2008 – 2015 : L’ÈRE DES COMMUNAUTÉS ET DE LA CONNAISSANCE DIRECTE DES CLIENTS PAR LES BIG DATAS
Désormais, les communautés de clients ne sont plus détenues et uniquement gérées par les services marketing (ou les entités de web marketing) mais aussi par des entités d’innovation. L’enjeu est à la fois simple et pragmatique : après avoir optimisé la relation client en cherchant la fidélisation, il s’agit de relancer la croissance du chiffre de l’entreprise par la création du « plus de valeur » dans l’offre. S’inspirant des démarches communautaires, l’idée est de mobiliser le plus de clients de l’entreprise via une application pour les inviter à imaginer ensemble un problème concret – imaginons ensemble la télématique de demain ou la maison connectée de demain. L’exemple emblématique peut être celui de Lego : l’application ludique permet à n’importe quel client de concevoir sa propre construction, de s’amuser virtuellement avec. Si elle lui convient, il peut même la commander. Une simple personnalisation d’une offre ? Certes mais loin d’être (encore) la plus rentable par rapport aux offres standardisées existantes, la démarche permet surtout de déceler des tendances de jeux, de souhaits. L’application est alors le « Toolkit » qui permet à l’utilisateur précoce de s’exprimer et d’imaginer les jeux de demain… pour et avec l’entreprise…
En parallèle de ce mouvement, s’est développé un autre phénomène, aux effets sans doute plus violents tant ils bouleversent la donne chez les panélistes : l’avènement des big datas et de ceux qui les récoltent. Les panélistes qui sollicitaient des consommateurs et fondaient une analyse annuelle sur des échantillons de 3 000 personnes, au mieux, et ce sur des critères bien définis sont contraints de changer de métier (à ce sujet, nous conseillons la lecture du cas pédagogique « Nielsen » en Bande Dessinée écrit par Claudio Vitari et publié à la CCMP). Facebook ou tout autre géant des réseaux sociaux a accès aux données librement déposées par des centaines de millions de personnes dans le monde, ceci en temps réel. Certes, chacune d’elle ne permet pas de comprendre en totalité le comportement de tel ou tel individu qui a ouvert uncompte sur ces sites mais couplée aux autres données que ce même individu peut laisser ailleurs sur la toile, avec les achats qu’il réalise en ligne… Tout ceci permet de générer des connaissances non seulement en temps réel mais aussi très fiables (car librement communiquées par des individus dans un contexte privé). Le big Data (c’est son nom) est en train de bouleverser la vie des marketers et des responsables d’études qui vont très certainement retravailler leurs techniques et pratiques de collecte et d’analyse.
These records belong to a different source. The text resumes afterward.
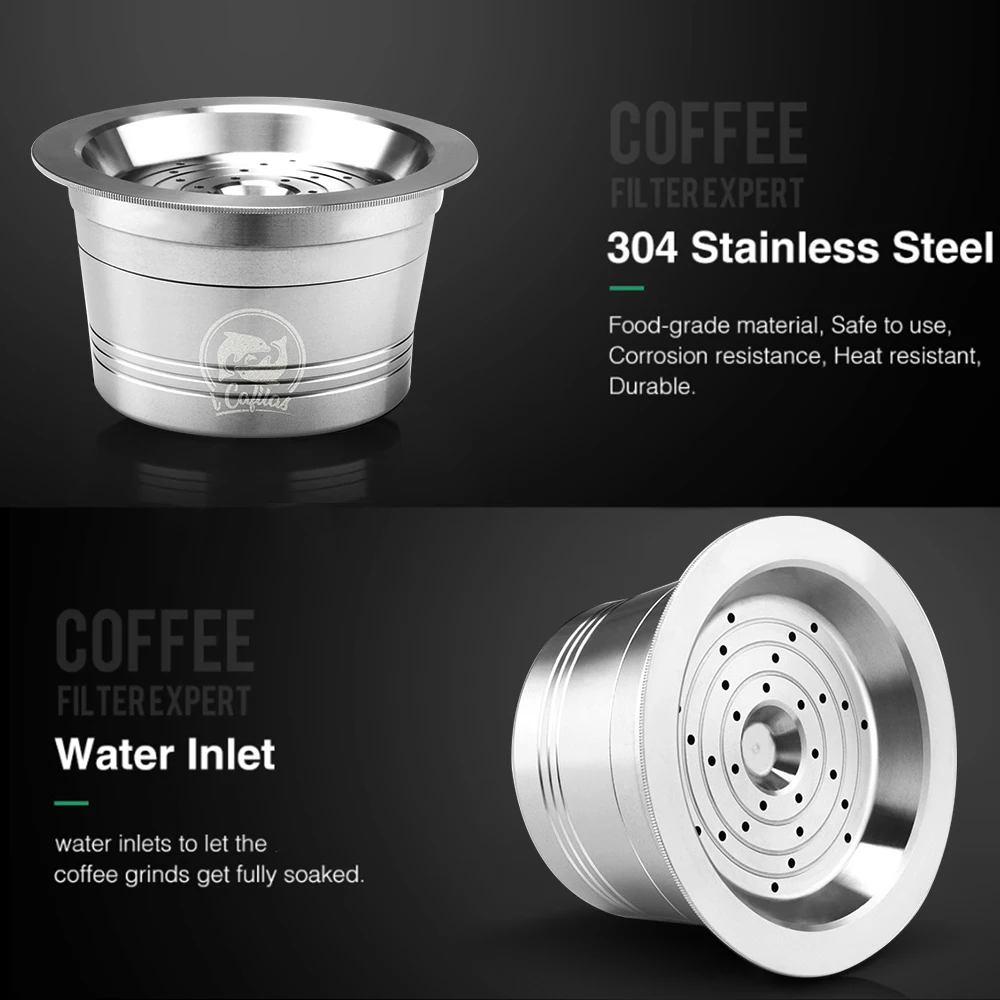 

Stainless Steel Refillable Coffee Capsules for Cafissimo System Coffee Machine with Hammer Box Wonderful Gift for Coffer Lovers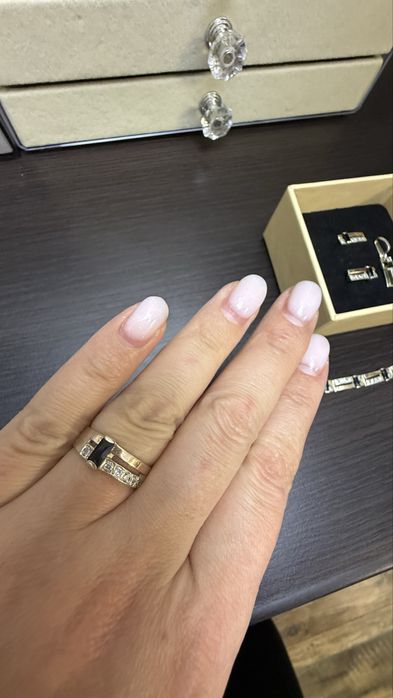 Срібний набір 925 з позолотою та чорними вставками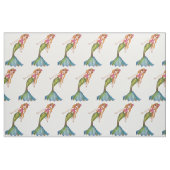 Tissu Sirène d'aquarelle avec cheveux longs (Fat Quarter)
2016 : ET SI LE 4.0 DONNAIT A L’ENTITÉ DE PRODUCTION LE POUVOIR DANS L’ORGANISATION ET LA VRAIE DÉTENTION DE LA CONNAISSANCE DU CLIENT ?
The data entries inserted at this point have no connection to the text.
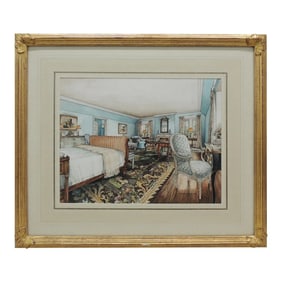 James M. "Jimmy" Steinmeyer Large Watercolor Illustration on Paper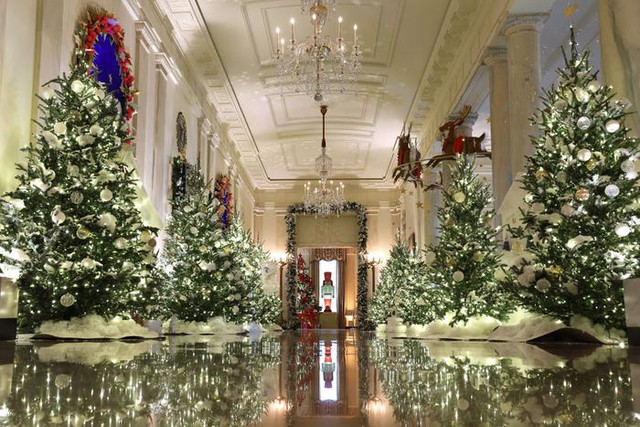 Đệ nhất phu nhân trang hoàng Nhà Trắng đón Giáng sinh: Giăng hơn 140,000 bóng đèn, tậu 98 cây thông gây choáng ngợp - Ảnh 14.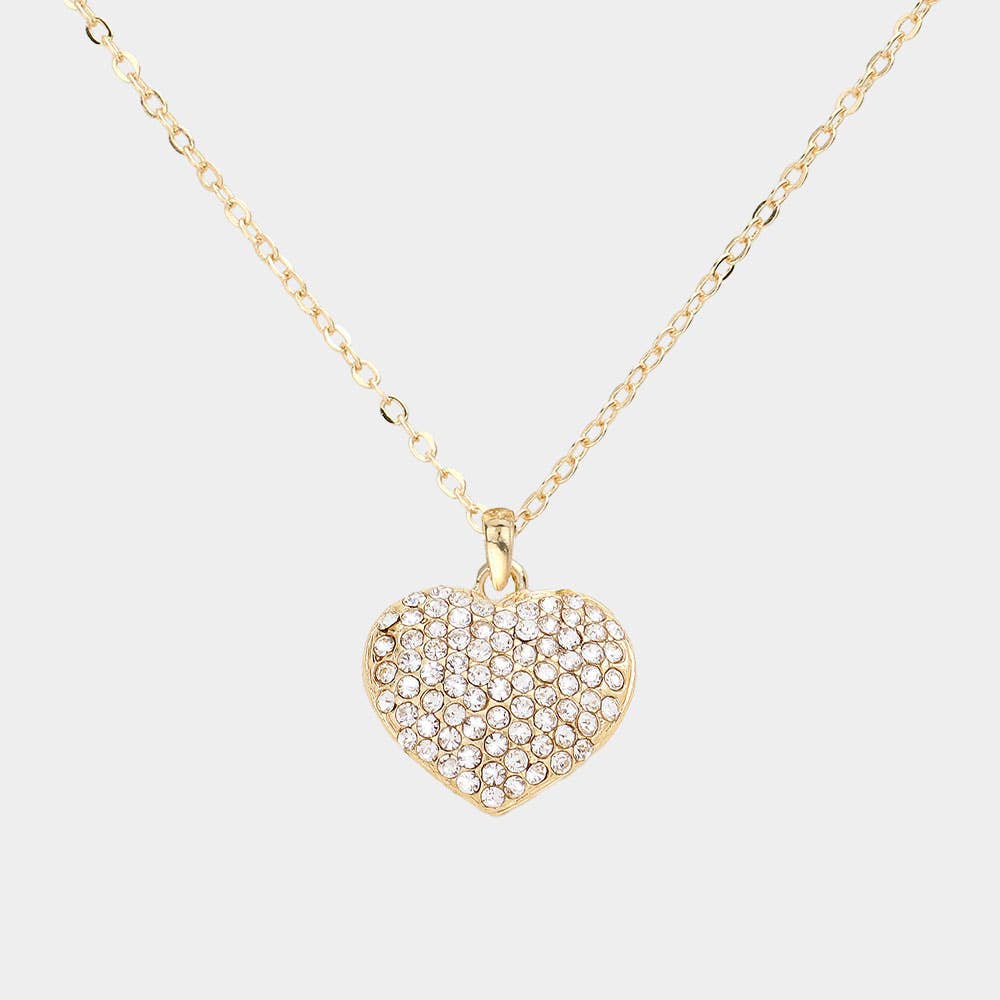 Crystal pave heart pendant necklace: Red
Avec le 4.0, l’usine et, par conséquent, toute la chaine de valeur interne qui relie l’entreprise et le client aura-t-elle encore besoin du marketing et des observatoires dans ses formes actuelles ? On peut se poser la question. Si on considère que le 4.0 permet de passer « d’une production de masse à une production personnalisée à grande échelle et à l’explosion des services » (Kurtsalmon.com : « L’industrie 4.0 : La 4ème révolution industrielle sauvera-t-elle l’industrie française ? », p. 4). Certes, au delà de la généralisation déjà bien initiée de la personnalisation du produit (pensons, par exemple à la DS ou à la Fiat 500 dans le monde automobile, pensons à l’initiative de Danone au travers de sa dernière usine au Bengladesh pour favoriser les productions adaptées à des micro-marchés locaux), c’est toute la relation entre le client – qui fournit toutes ses données en ligne – et l’entreprise – qui produit ce que demande, commande le client – qui sera repensée et avec lui le lieu de la localisation de la connaissance du client dans l’entreprise. Dès lors, si le client accède directement à l’usine et que l’usine peut tout personnaliser, à quoi servira le service marketing de demain ? Selon moi, deux pistes sont envisageables : première hypothèse, le marketing s’empare dès à présent du sujet, comme cela semble être le cas chez TOTAL, et conserve la maitrise de la connaissance client dans l’entreprise. Seconde piste, le marketing se concentre sur le web marketing, anime des communautés de pratiques mais laisse en partie le pouvoir sur la connaissance du client à l’usine.